Re: PCI/ASPM locking regression in 6.7-final (was: Re: [PATCH] Revert "PCI/ASPM: Remove pcie_aspm_pm_state_change()")

From: Johan Hovold
Date: Tue Jan 23 2024 - 12:25:57 EST


On Mon, Jan 22, 2024 at 12:26:15PM -0600, Bjorn Helgaas wrote:
> On Mon, Jan 22, 2024 at 11:53:35AM +0100, Johan Hovold wrote:

> > I never got a reply to this one so resending with updated Subject in
> > case it got buried in your inbox.
>
> I did see it but decided it was better to fix the problem with resume
> causing an unintended reboot, even though fixing that meant breaking
> lockdep again, since I don't think we have user reports of the
> potential deadlock lockdep finds.

That may be because I fixed the previous regression in 6.7-rc1 before
any users had a chance to hit the deadlock on Qualcomm platforms.

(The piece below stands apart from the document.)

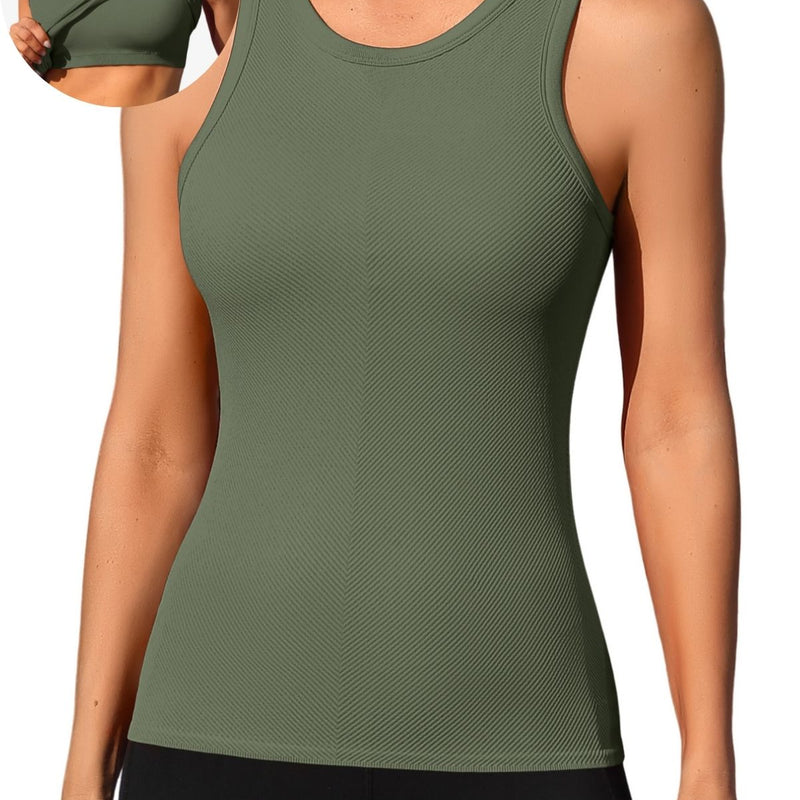 ANFERRY Ribbed Workout Tank Tops for Women Seamless Full Length Athletic Camisole with Built in Bra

I can easily trigger a deadlock on the X13s by instrumenting 6.7-final
with a delay to increase the race window.

And any user hitting this occasionally is likely not going to be able to
track it down to this lock inversion (unless they have lockdep enabled).

> 08d0cc5f3426 ("PCI/ASPM: Remove pcie_aspm_pm_state_change()") was a
> start at fixing other problems and also improving the ASPM style, so I
> hope somebody steps up to fix both it and the lockdep issue. I
> haven't looked at it enough to have a preference for *how* to fix it.

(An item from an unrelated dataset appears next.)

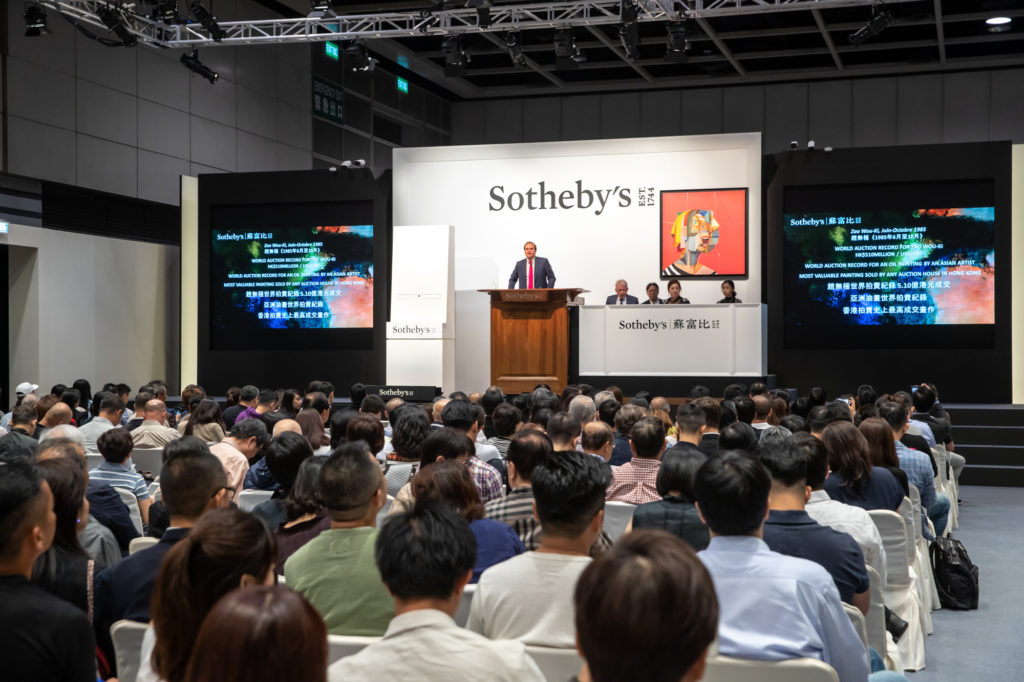 The contemporary art evening sale at Sotheby's Hong Kong on September 30, 2018. Image courtesy of Sotheby's.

Ok, but since you were the one introducing the locking regression in
6.7-final shouldn't you look into fixing it?

Especially if there were alternatives to restoring the offending commit
which would solve the underlying issue for the resume failure without
breaking other platforms.

I don't want to spend more time on this if the offending commit could
simply be reverted.

Johan